Bannon v. Bannon

Untermyer, J. (dissenting).

The action is for separation by the wife against her husband and for suitable support. By his answer the defendant denies the existence of the marriage and alleges that the plaintiff had a husband living at the time of her alleged marriage to the defendant.

The question presented now is the sufficiency of the second defense contained in the defendant’s amended supplemental answer. That defense alleges that in this action the plaintiff had made a motion for alimony pendente lite in which one of the issues tendered was the validity of the marriage of the parties, upon which, of course, would depend the plaintiff’s right to alimony. The court referred that issue to a referee to take testimony and to report. The referee conducted hearings, in which witnesses for both parties were examined and cross-examined and in which exhibits were received in evidence. He found, and so reported to the court, that no marital relation exists between the plaintiff and defend*524ant.” The report was confirmed by the court, resulting in the denial of the plaintiff’s motion for temporary alimony by an order duly entered to that effect, from which no appeal was taken by the plaintiff. The defendant accordingly alleges, and the court at Special Term has held, that the order entered on the plaintiff’s motion for temporary alimony constitutes a determination that the parties are not married, which is res adjudicata herein.

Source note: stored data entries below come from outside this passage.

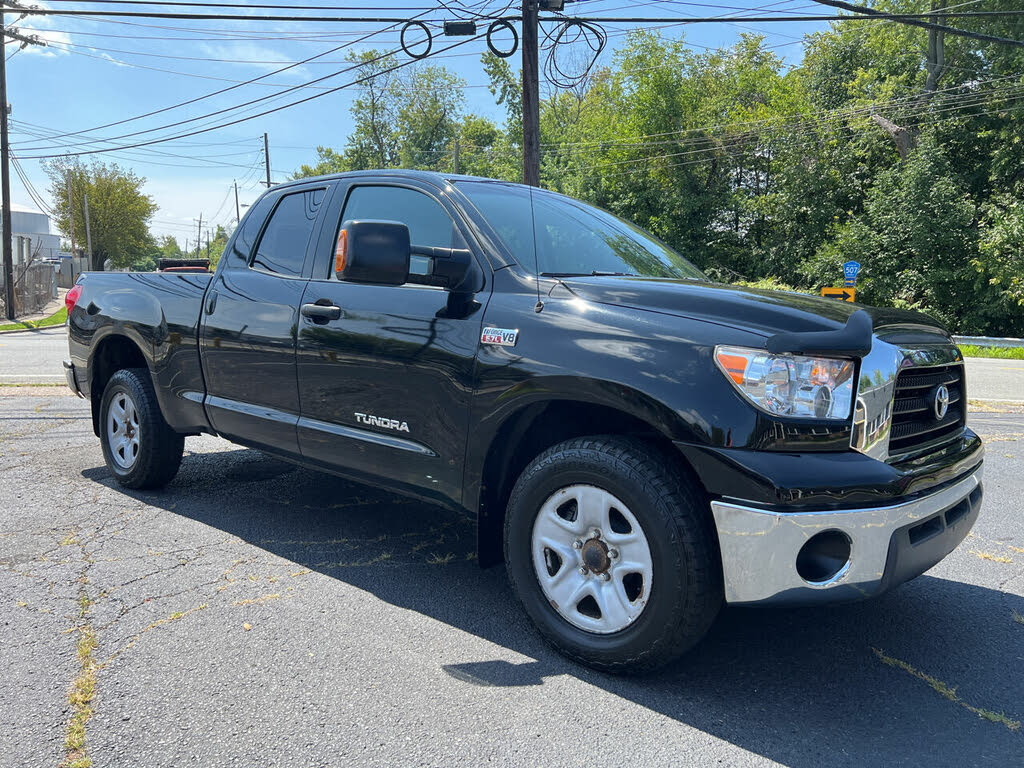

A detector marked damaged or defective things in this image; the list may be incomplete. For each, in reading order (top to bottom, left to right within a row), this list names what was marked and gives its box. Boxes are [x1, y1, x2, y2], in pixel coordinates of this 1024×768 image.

cracked asphalt [2, 393, 1024, 765]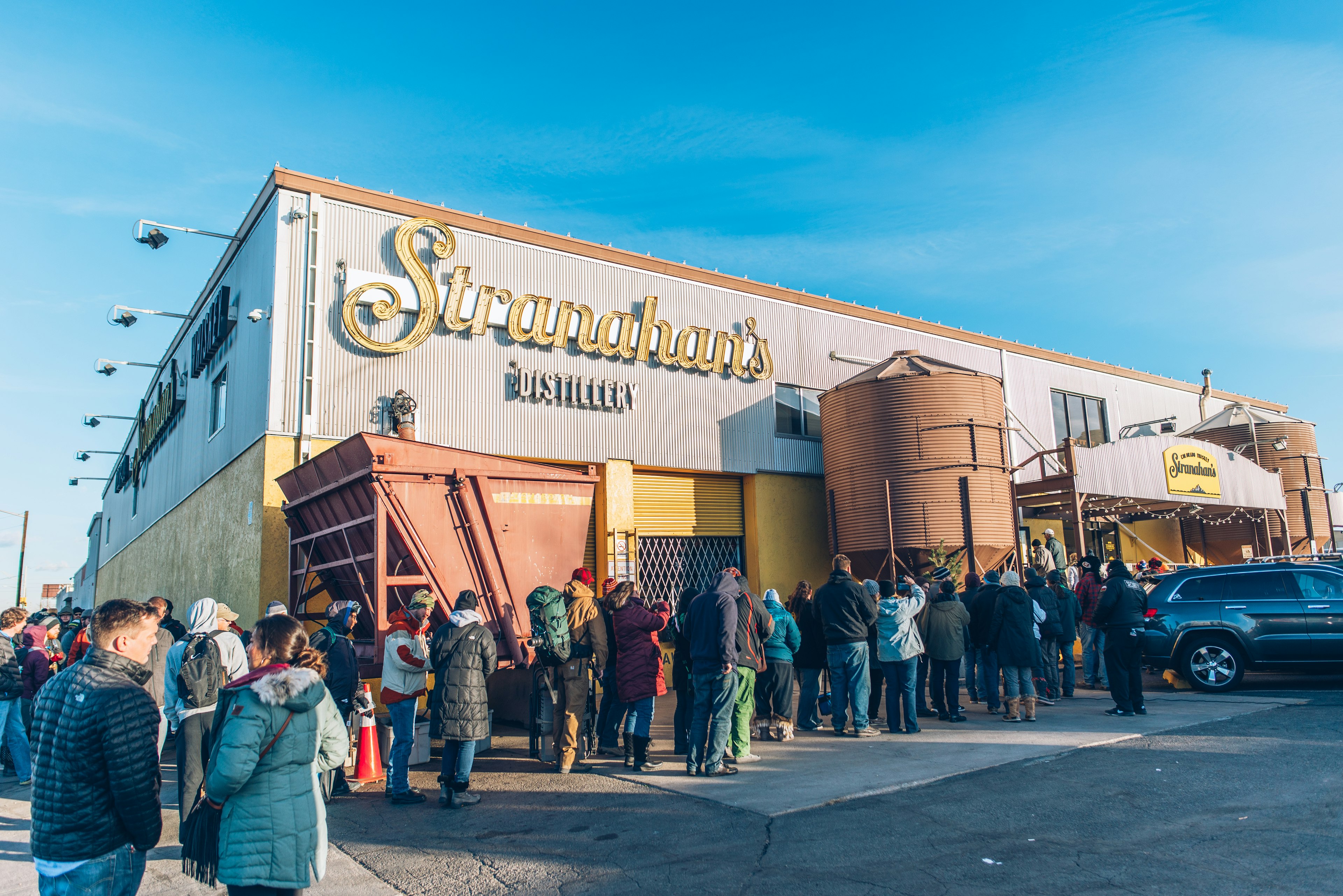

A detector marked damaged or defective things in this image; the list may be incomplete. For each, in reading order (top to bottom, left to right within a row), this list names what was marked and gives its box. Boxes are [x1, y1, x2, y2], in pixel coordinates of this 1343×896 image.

rusty grain silo [816, 349, 1015, 583]
rusty grain silo [1187, 406, 1332, 553]
cracked pavement [327, 672, 1343, 896]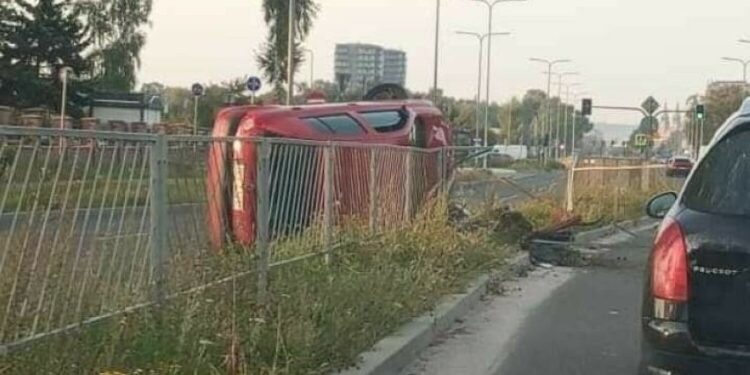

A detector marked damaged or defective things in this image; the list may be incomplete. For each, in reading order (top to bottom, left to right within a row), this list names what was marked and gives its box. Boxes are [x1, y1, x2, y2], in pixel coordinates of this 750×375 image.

overturned red car [204, 98, 452, 250]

I am unable to concur in this conclusion, which gives final and irrevocable effect to a proceeding which is merely tentative and provisional. In my opinion the doctrine of res adjudicata applies only to judgments and to final orders. Such were the orders under consideration in all the decisions on which the respondent relies. (Williams v. Barkley, 165 N. Y. 48; Dwight v. St. John, 25 id. 203; Matter of Whaley v. Perkins, 231 App. Div. 502.) The doctrine does not extend to orders which are interlocutory or incidental, the purpose of which is to regulate the rights of the parties pending a full determination of those rights by final judgment. (Brinkley v. Brinkley, 50 N. Y. 184, 202; Webb v. Buckelew, 82 id. 555; 34 C. J. 763.) Otherwise the decision on an application for a provisional remedy might control the final judgment and the rights of the parties for all future time. It is not decisive that the provisional remedy is granted or refused after a hearing in which witnesses are called to testify rather than upon affidavits. A summary judgment is conclusive upon the parties even though granted upon affidavits, but an order refusing an attachment, or a temporary injunction, upon the ground that a cause of action does not exist, would not be so even though witnesses had testified. What is decisive is the nature of the proceeding and whether its purpose is to adjudicate the issues with finality. (Everett v. Everett, 180 N. Y. 452; Howell v. Mills, 53 id. 322, per Allen, J., p. 334; Easton v. Pickersgill, 75 id. 599; Freeman Judgments [5th ed.], § 717 et seq.) Compare also rule 107, subdivision 5, which is limited to a final judgment or decree.” Moreover, the report of the referee in such cases, though made after testimony has been taken, is advisory merely and may be disregarded by the court.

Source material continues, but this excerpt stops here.